Effects of ticagrelor on other drugs: In vitro metabolism studies demonstrate that ticagrelor and its major active metabolite are weak inhibitors of CYP3A4. Potential activators of CYP3A5 and inhibitors of the P-gp transporter, Ticagrelor and AR-C124910XX were shown to have no inhibitory effect on human CYP1A2, CYP2C19, and CYP2E1 activity. For specific in vivo effects on the pharmacokinetics of simvastatin, atorvastatin, ethinyl estradiol, levonorgestrel, tolbutamide, digoxin and cyclosporine.
Pharmacogenetics: In a genetic sub-study cohort of PLATO, the rate of thrombotic CV events in the Ticalor arm did not depend on CYP2C19 loss of function status.
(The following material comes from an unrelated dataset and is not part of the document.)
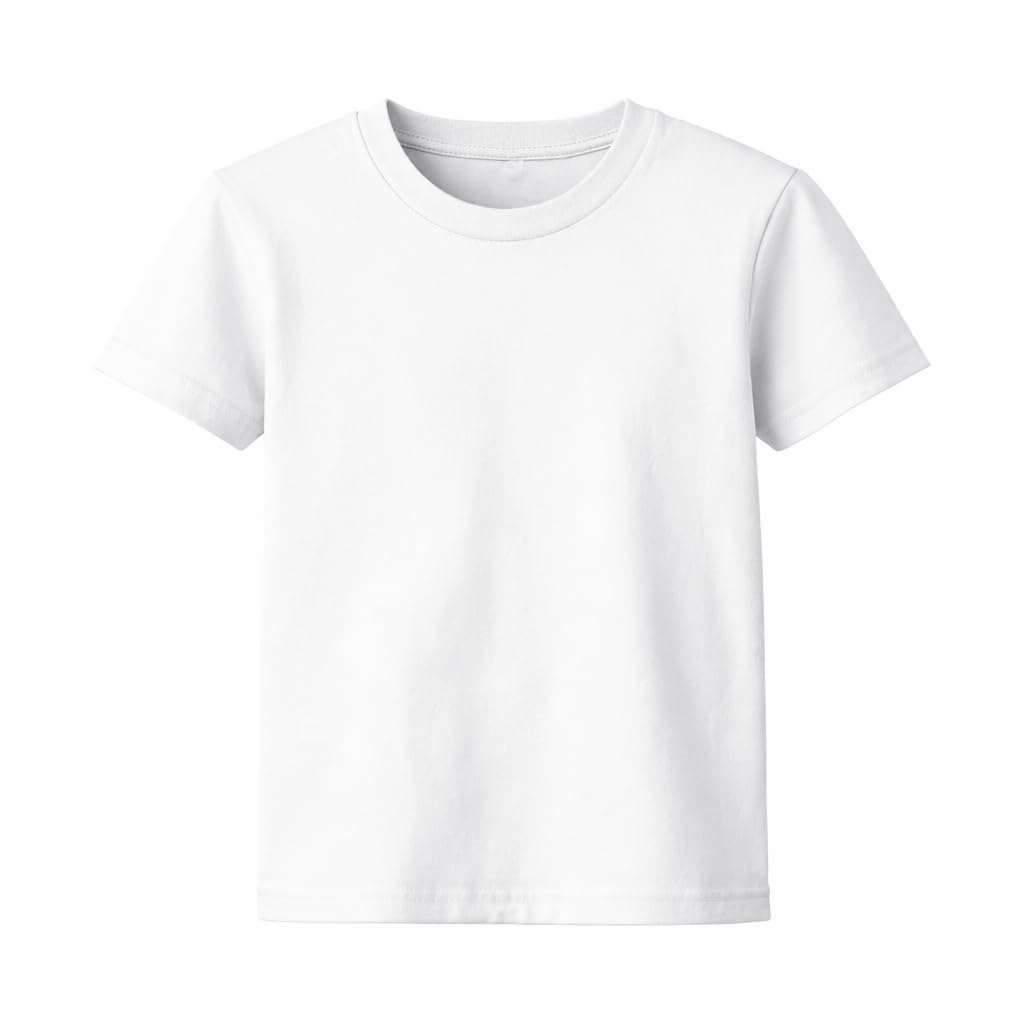 Kids Plain White Cotton T-Shirt | Soft & Breathable Fabric | Unisex Round Neck Half Sleeve Tee for Boys & Girls | Pack of 1-image-44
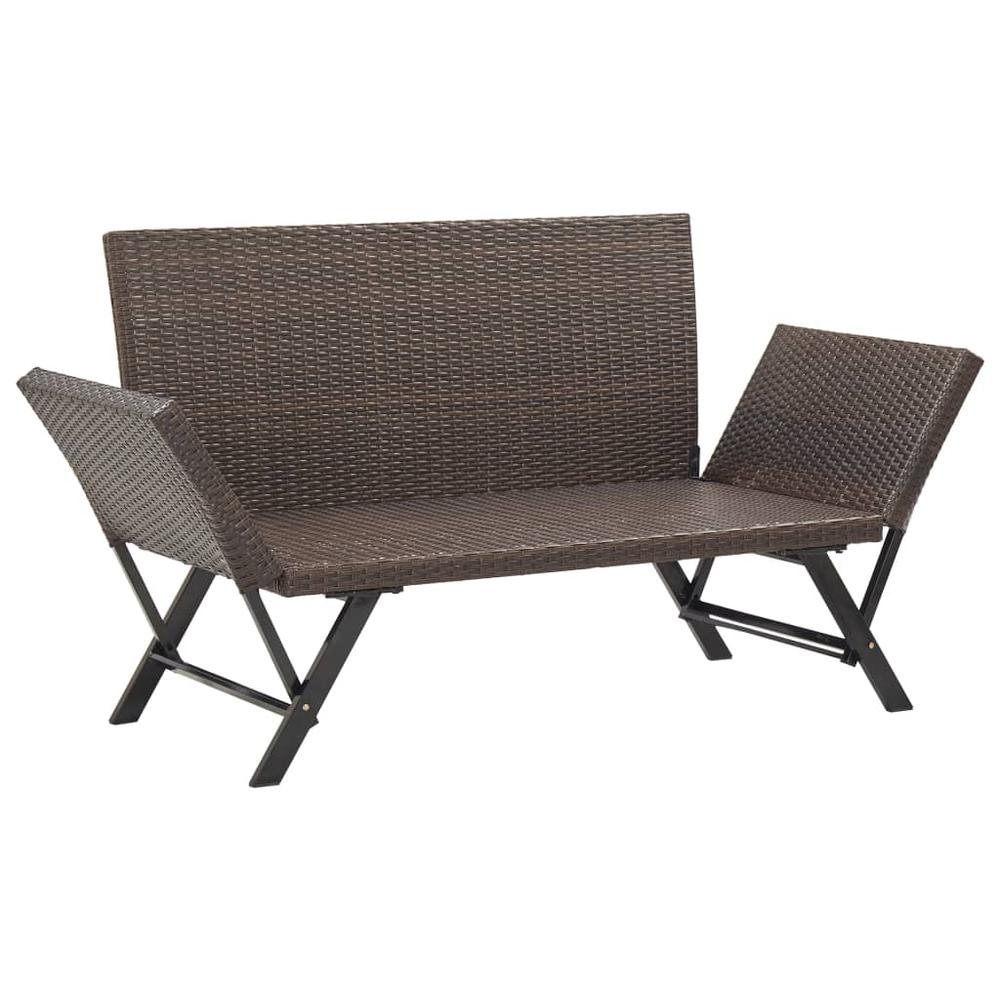 vidaXL Garden Bench with Cushions 69.3" Brown Poly Rattan, 46231. Picture 7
Non Clinical Toxicology: Carcinogenesis, Mutagenesis, Impairment of Fertility: Carcinogenesis: Ticagrelor was not carcinogenic in the mouse at doses up to 250 mg/kg/day or in the male rat at doses up to 120 mg/kg/day (19 and 15 times the MHRD of 90 mg twice daily on the basis of AUC, respectively). Uterine carcinomas, uterine adenocarcinomas and hepatocellular adenomas were seen in female rats at doses of 180 mg/kg/day (29-fold the maximally recommended dose of 90 mg twice daily on the basis of AUC), whereas 60 mg/kg/day (8-fold the MHRD based on AUC) was not carcinogenic in female rats.
Mutagenesis: Ticagrelor did not demonstrate genotoxicity when tested in the Ames Bacterial mutagenicity test, mouse lymphoma assay and the rat micronucleus test. The active O-demethylated metabolite did not demonstrate genotoxicity in the Ames assay and mouse lymphoma assay.
Impairment of Fertility: Ticagrelor had no effect on male fertility at doses up to 180 mg/kg/day or on female fertility at doses up to 200 mg/kg/day (>15-fold the MHRD on the basis of AUC). Doses of ≥10 mg/kg/day given to female rats caused an increase incidence of irregular duration estrus cycle (1.5-fold the MHRD based on AUC).